Songwriting isn’t journalism
“[Jet is] a little bit about the experiences I’d had in marrying Linda. Her dad was a little old fashioned and I thought I was a little bit intimidated as a lot of young guys can be meeting the father figure… Anyway, the song starts to be about the sergeant major and it was basically my experience roughly translated.
“I never do a song with the actual words that actually happen because then that’s like a news story. ‘[singing] Oh Linda, I was going to see your Dad and he was intimidating.’ A bit boring. So I mask it and mould it into a song, something you can sing reasonably.”
On being robbed in Lagos, Nigeria
“I got held up at knifepoint and one of the things they took, among cameras and tape recorders, was this cassette, which I don’t think the robbers would be interested in. My theory is they probably recorded over it, ‘What’s this? Just some rubbish’. So, I just had to remember all the songs, I had lyric sheets for them… so I did. But it was quite hairy getting held up one dark night in Lagos. The joke was, I thought these guys – five local black guys in a car – I thought they were offering me a lift and we’d been warned, me and Linda, ‘Whatever you do, don’t go walking late at night. Because it’s a little bit dangerous.’
“I thought ‘Nah, we’re from Liverpool, we don’t worry about that’. So we’re walking along, the car comes up, the guy jumps out and he’s about to say something and I go ‘That’s so nice of you… It’s ok, I know, I know – we’re walking.” They stopped about a 100 yards later and tried again. I completely thought they were just offering us a lift but one of them had a knife. It became clear they weren’t giving us a lift. And that’s when I lost the cassette to ‘Band on the Run’.”
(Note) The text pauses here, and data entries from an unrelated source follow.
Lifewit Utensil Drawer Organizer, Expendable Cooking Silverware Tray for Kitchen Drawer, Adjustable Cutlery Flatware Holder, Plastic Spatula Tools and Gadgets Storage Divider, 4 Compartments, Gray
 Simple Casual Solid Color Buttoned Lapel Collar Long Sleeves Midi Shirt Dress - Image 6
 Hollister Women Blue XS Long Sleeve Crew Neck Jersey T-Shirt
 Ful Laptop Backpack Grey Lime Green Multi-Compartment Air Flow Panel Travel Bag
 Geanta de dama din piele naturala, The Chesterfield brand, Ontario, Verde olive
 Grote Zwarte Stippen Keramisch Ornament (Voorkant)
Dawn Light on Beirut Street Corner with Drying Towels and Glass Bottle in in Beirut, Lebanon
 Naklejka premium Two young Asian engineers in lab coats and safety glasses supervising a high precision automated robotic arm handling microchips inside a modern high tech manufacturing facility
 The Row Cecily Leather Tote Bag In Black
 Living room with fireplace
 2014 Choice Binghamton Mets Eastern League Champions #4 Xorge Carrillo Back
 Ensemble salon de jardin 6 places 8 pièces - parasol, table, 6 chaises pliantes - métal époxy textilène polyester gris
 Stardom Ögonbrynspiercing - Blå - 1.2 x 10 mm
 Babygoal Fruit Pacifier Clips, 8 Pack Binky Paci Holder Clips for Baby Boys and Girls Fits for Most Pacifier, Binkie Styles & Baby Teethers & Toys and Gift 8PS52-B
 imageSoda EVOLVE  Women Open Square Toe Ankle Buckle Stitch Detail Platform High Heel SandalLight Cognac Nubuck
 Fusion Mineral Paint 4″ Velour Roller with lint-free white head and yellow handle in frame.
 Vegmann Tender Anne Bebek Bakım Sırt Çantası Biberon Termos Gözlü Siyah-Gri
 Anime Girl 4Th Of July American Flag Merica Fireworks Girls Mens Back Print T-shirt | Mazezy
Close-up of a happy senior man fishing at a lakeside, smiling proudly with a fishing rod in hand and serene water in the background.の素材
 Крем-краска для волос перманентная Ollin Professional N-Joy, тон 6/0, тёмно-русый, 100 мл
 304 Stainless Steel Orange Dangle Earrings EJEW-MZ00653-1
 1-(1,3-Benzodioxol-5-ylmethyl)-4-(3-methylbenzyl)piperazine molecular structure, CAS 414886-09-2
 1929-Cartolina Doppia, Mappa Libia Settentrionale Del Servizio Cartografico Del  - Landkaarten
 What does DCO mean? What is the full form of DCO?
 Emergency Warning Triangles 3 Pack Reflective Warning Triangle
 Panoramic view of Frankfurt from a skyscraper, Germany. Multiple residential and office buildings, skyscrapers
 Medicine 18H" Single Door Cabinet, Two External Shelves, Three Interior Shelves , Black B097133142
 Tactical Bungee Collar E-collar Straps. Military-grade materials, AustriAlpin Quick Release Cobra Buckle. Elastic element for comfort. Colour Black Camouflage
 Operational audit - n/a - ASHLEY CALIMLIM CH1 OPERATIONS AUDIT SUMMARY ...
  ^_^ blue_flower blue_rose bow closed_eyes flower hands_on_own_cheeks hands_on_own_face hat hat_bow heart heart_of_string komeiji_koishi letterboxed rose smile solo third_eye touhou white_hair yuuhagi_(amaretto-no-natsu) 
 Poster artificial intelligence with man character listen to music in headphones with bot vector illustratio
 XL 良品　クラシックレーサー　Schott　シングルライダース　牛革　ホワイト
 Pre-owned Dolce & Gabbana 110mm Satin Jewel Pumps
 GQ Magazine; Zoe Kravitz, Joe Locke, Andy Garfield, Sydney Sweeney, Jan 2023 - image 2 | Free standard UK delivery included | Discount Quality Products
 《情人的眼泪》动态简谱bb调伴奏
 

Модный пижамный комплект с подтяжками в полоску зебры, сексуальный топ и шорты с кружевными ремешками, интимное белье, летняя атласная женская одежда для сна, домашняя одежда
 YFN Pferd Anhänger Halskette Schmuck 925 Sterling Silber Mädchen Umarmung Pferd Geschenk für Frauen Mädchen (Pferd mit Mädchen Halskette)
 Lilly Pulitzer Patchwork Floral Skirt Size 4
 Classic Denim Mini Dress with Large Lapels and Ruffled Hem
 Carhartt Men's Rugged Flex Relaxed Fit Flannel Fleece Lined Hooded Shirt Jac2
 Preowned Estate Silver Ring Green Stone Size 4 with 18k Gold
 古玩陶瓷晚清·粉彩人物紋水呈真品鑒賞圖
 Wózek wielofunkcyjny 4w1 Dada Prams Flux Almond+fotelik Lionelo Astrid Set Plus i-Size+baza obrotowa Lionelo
On ‘The End’ being a fitting swansong for The Beatles
“I didn’t think of it as the end of The Beatles, I think of it mainly as the end of an album. But I just had that little couplet: ‘in the end, you love you take/is equal to the love you make’ I liked that as a sentiment and as a mini-poem. That came on the end of the album and that song, quite luckily.”
“It is good as you say, everyone got to do their bit. I don’t analyse my stuff but if I was to, that’d be a good one to analyse. You’ve got John, George, Ringo, – that’s sewing it all up. You get Ringo, does his drum solo, which he would never do we had to really persuade him to do [a] drum solo.”